A simply newbie question about ndiff

Sun Apr 28 21:49:25 EDT 2002

[Neville Franks]
> Well believe it or not but there are quite a few people using ED that
> have source files in excess of 70K [lines]. Not something I would
> advocate but ...
>
> On a more serious note I do have folks who compare large'ish data
> (ascii text) files. These are typically dumps of some sort. Apart from
> being large they can also get less than optimal results as they can
> have large numbers of repeated lines which throws my diff out.
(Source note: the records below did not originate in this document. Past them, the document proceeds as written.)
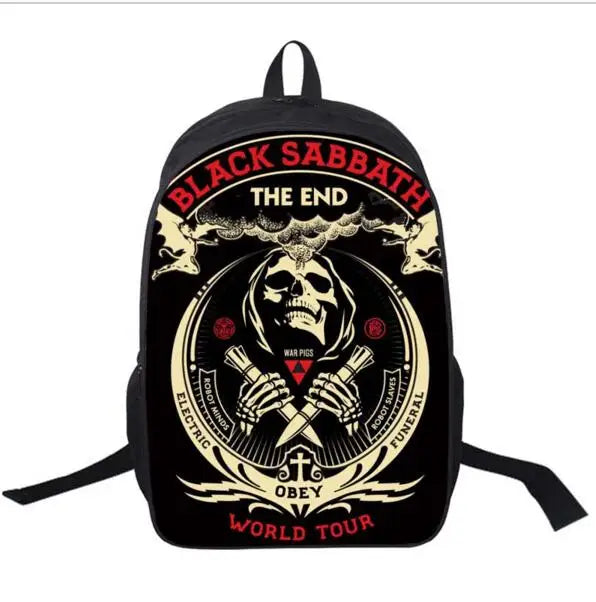 Wolf Husky Printing Backpack Men Women Street Rock Backpack Pug Backpacks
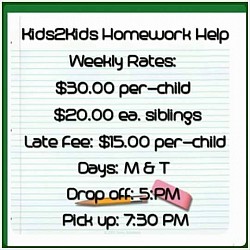 Kids2Kids Homework Help is a YNARS4KIDS program located in Montgomery County, MD.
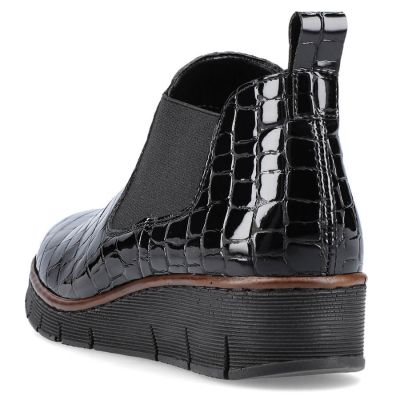 34. Rieker W R474 Schlangenleder Stiefeletten schwarz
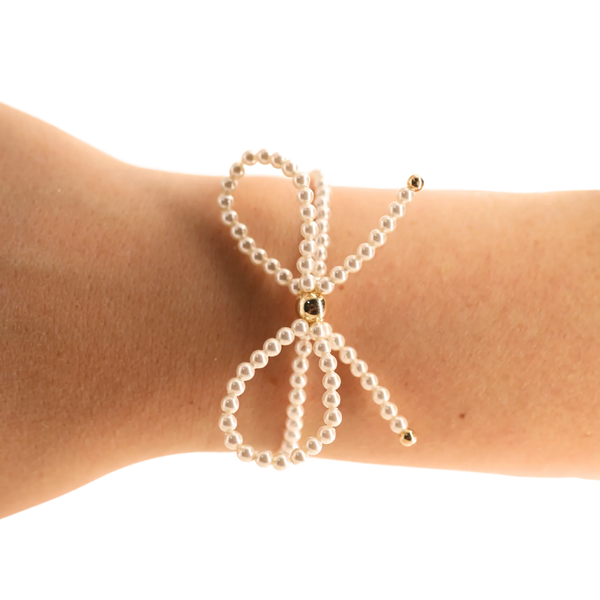 Beaded Blondes Pearl Bow Bracelet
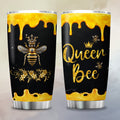 Queen Bee Tumbler 20oz Stainless Steel Insulated Travel Mug with Lid & Straw - Bee Lover Gift for Women Oval Shape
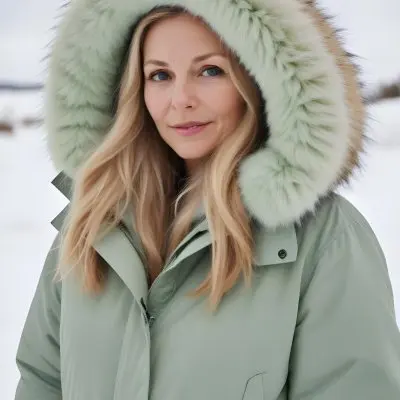 A Middle Aged Caucasian Woman With Long Blonde Hair Wearing A Light Green Parka With A Large Fur Lined Hood 13 E33f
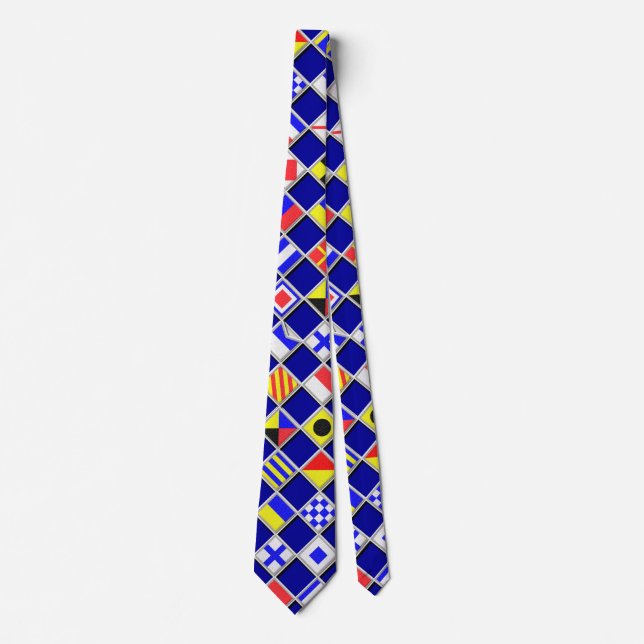 Checkered Nautical Signal Flags Tie (Front)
I just checked in a new version of difflib.py's SequenceMatcher class that
does a dynamic analysis of which elements are so frequently repeated as to
constitute noise.  The innermost matching loop can skip those at first, and
that can yield an enormous speedup.  It looks much more effective than the
current IS_LINE_JUNK gimmick.  For example, I took a 100K-line C source
file, made a copy, changed a line in the middle, and it took less than 15
seconds to do the get_opcodes() bit, including the time to read the files
and break them into lines.  I still doubt it would be a heck of a lot faster
in C++, because this mostly exercises the speed of dicts, and Python's
string dicts are extremely efficient.  I can easily imagine it running much
slower in C++, though!

> I've organized a copy of ED for you to play with and would be
> interested to hear what you think of it's Diff capabilities. ED
> doesn't have Python support just yet, but it is planned. It does
> support some 34+ languages though. A Free Trial is available at
> www.getsoft.com for anyone else who may be interested.

Thanks!  I got around to grabbing a copy last night but haven't had time to
play with it yet.  I can testify that it installed without a hitch <wink>.